Since you have an abstract-algebra tag, perhaps you have learned some group theory, including normal subgroups and quotient groups.
In your post, think of $G=\mathbb Z$ as a group under the operation of addition and $n\mathbb Z = \{nk \mid k \in \mathbb Z\}$ as a normal subgroup. The "equivalence classes" are defined by the relation $a \sim b$ if and only if $b-a \in n\mathbb Z$.
This definition generalizes to any group and normal subgroup.
That is, let $G$ be a group, with group operation denoted $g \cdot h$ and inverse operation denoted $g^{-1}$ (notice, I have switched to multiplicative notation, but this is just a notational change). Let $N < G$ be a normal subgroup. We can define an equivalence relation: $g \sim h$ if and only if $g^{-1} h \in N$. Letting $[g]$ be the equivalence class of $g \in G$, we can then define a group operation $[g] \cdot [h] = [g \cdot h]$. There's plenty of details to check: that the relation $g \sim h$ does, indeed, satisfy the axioms of equivalence relations (true whether or not the subgroup $N$ is normal); next that the operation $[g] \cdot [h] = [g \cdot h]$ is well-defined (this is where normality of $N$ is needed); and then one must work to verify the group axioms for this new operation.
The resulting group is called the "quotient of $G$ modulo $N$" and is sometimes denoted $G/N$. So the example of a quotient in your post is often denoted more formally as $\mathbb Z / n \mathbb Z$.
The outcome is that one obtains a very general and spectacularly powerful tool in group theory.

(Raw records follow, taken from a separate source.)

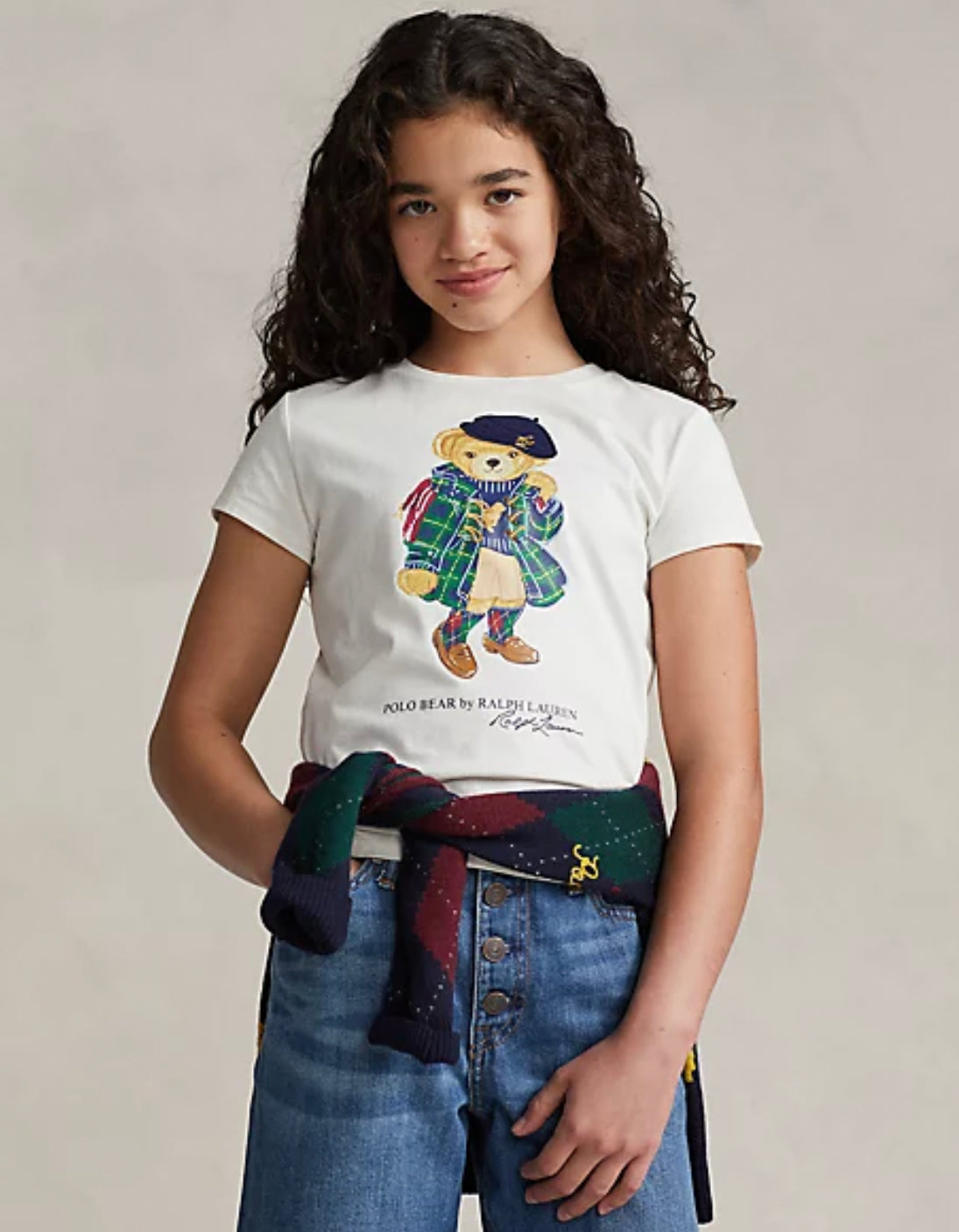 Bamse T-skjorte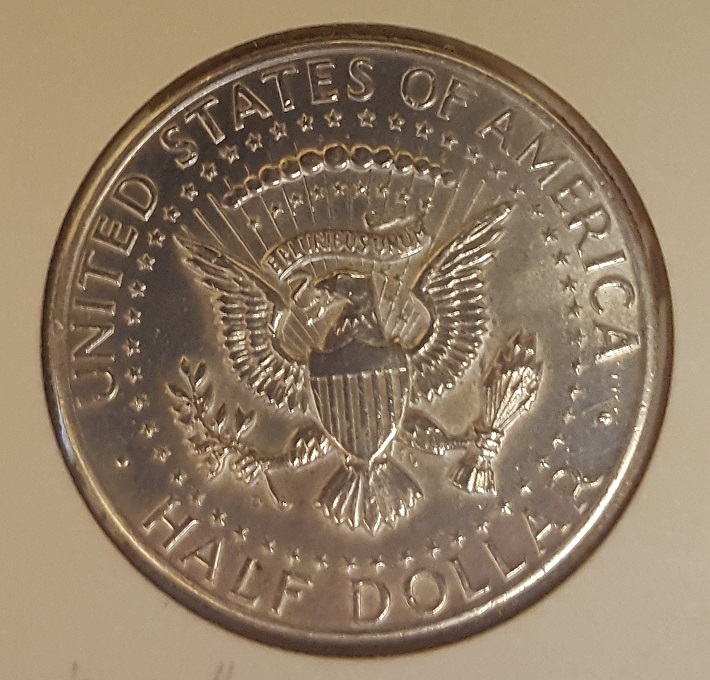 1964-Kennedy-Half-Dollar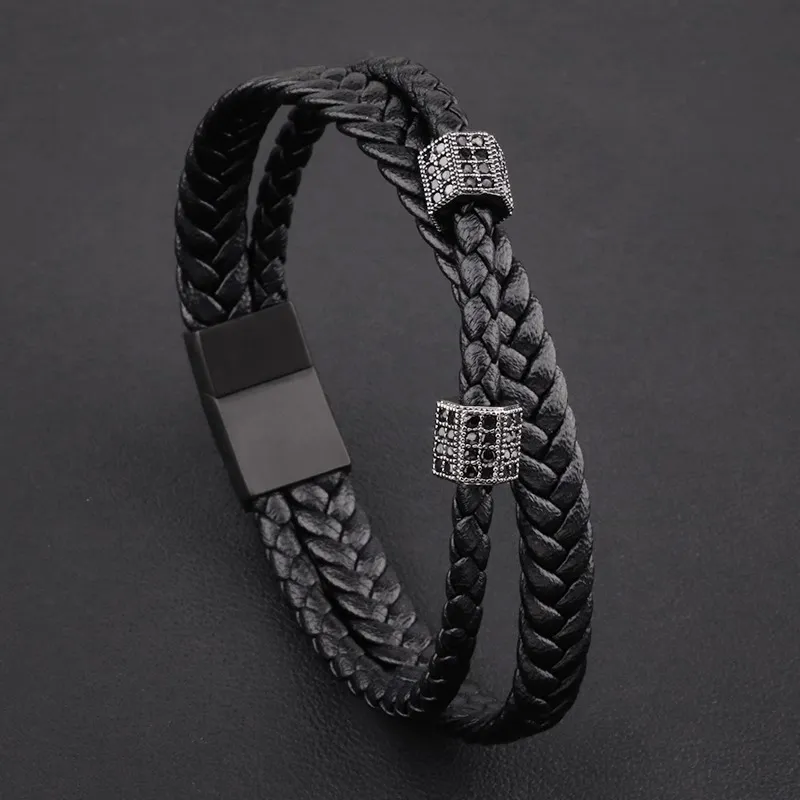 CRUISO Titanium Steel Bracelets Unisex-1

Let me also comment on your question of whether it is important to distinguish between the two definitions.
I would say "not really".
Given any equivalence relation $\sim$ on any set $X$, one common operation is to "choose representatives", i.e. choose one element in each equivalence class. This gives a subset of $X$ that is in one-to-one correspondence with the set of equivalence classes. In the case of a group and a normal subgroup, once a set of representatives has been chosen, one can then use transport of structure to put a unique group operation on the chosen set of representatives that makes the one-to-one correspondence into a group isomorphism. That's exactly what's going on in your question.
Sometimes there seems to be an "obvious" or a "natural" choice of representatives, and for your example the subset $\{0,1,2,...,n-1\}$ seems like the most obvious choice, although you will see that sometimes people choose $\{1,2,...,n-1,n\}$. For $\mathbb Z_3$ I think that $\{-1,0,+1\}$ is also a nice choice.